The proposed Securities Markets Code, 2025, aims to unify three major financial laws to improve regulatory transparency. While it seeks to modernize Sebi's governance, the proposal has sparked discussion on the eight-year investigation window and the structure of performance reviews, which directly affect corporate and investor sentiment.
What Happened
The Indian government has introduced the Securities Markets Code, 2025 (SMC), a major legislative proposal designed to simplify and unify three key existing laws: the Securities Contracts (Regulation) Act of 1956, the Sebi Act of 1992, and the Depositories Act of 1996. The core objective is to modernize the regulatory framework, bringing greater transparency, accountability, and better governance to the Securities and Exchange Board of India (Sebi).
Why This Matters For Investors
Regulatory changes are fundamental to the stock market because they define the rules of the game. A more efficient and transparent regulator helps build trust, which can attract more capital into the markets. When the rules are clearer and the regulator is more accountable, companies operate with more certainty.
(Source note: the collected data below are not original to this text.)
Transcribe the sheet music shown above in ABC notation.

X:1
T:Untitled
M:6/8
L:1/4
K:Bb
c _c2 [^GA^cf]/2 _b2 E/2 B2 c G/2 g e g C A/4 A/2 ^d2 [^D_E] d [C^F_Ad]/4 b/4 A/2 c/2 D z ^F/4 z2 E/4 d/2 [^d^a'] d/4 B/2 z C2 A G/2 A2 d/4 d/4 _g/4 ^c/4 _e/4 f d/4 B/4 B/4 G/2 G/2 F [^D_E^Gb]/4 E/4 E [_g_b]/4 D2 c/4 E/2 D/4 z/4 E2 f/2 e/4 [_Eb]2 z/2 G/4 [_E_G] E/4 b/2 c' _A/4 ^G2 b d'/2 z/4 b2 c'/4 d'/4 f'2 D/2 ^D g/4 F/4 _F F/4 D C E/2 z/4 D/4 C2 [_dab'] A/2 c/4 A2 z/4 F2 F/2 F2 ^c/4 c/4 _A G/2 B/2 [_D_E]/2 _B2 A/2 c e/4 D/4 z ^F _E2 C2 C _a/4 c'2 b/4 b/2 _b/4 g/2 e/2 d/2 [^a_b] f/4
However, investors often watch for "regulatory overhang," which happens when new rules create uncertainty or when investigation processes remain unclear for too long, potentially impacting company valuations and stock performance.
The Debate on Accountability and Reviews
The SMC introduces a mandate for Sebi to periodically review its own performance and the effectiveness of its regulations. This is a step toward making the regulator more accountable. However, there is ongoing discussion about how these reviews should be conducted. Some suggest that internal evaluations could lead to conflicts of interest. To ensure transparency, there are calls for these reviews to be handled by independent, third-party entities, similar to how market infrastructure institutions are audited. Additionally, there are suggestions to designate senior Sebi officials as Key Managerial Personnel (KMP) to improve the clarity of authority and decision-making, mirroring corporate governance standards applied to listed companies.
The Investigation Timeline Issue
A critical point of discussion is the proposed eight-year window for starting investigations into market entities. For businesses and their shareholders, an investigation that hangs over a company for nearly a decade creates significant uncertainty. Many market participants argue that this period is excessively long and could hinder the ease of doing business. The suggestion is to reduce this window to five years or less to provide faster resolution. Furthermore, there is a push to encourage "rectification" rather than immediate adjudication—meaning that if a minor, unintentional deficiency is found, the company should be given a chance to fix it before the regulator launches a full-scale legal proceeding.
Modernizing Regulatory Scope
As the market becomes more digital, the SMC also aims to modernize regulatory reach. The proposal acknowledges that Sebi needs to regulate intermediaries effectively. There is an argument that the code should also establish clear principles for overseeing critical technology and telecom providers that form the backbone of modern digital financial infrastructure. Ensuring these tech providers are held to high standards is vital for maintaining market stability.
What Investors Should Track
Investors should monitor the progression of this code, particularly the final wording on investigation timelines and the mechanisms for regulatory performance reviews. The final rules will dictate how quickly disputes are resolved and how much regulatory clarity companies will have. Keep an eye on any official clarifications or amendments that address these concerns, as they will signal the government's approach to balancing strict enforcement with the ease of doing business for listed entities.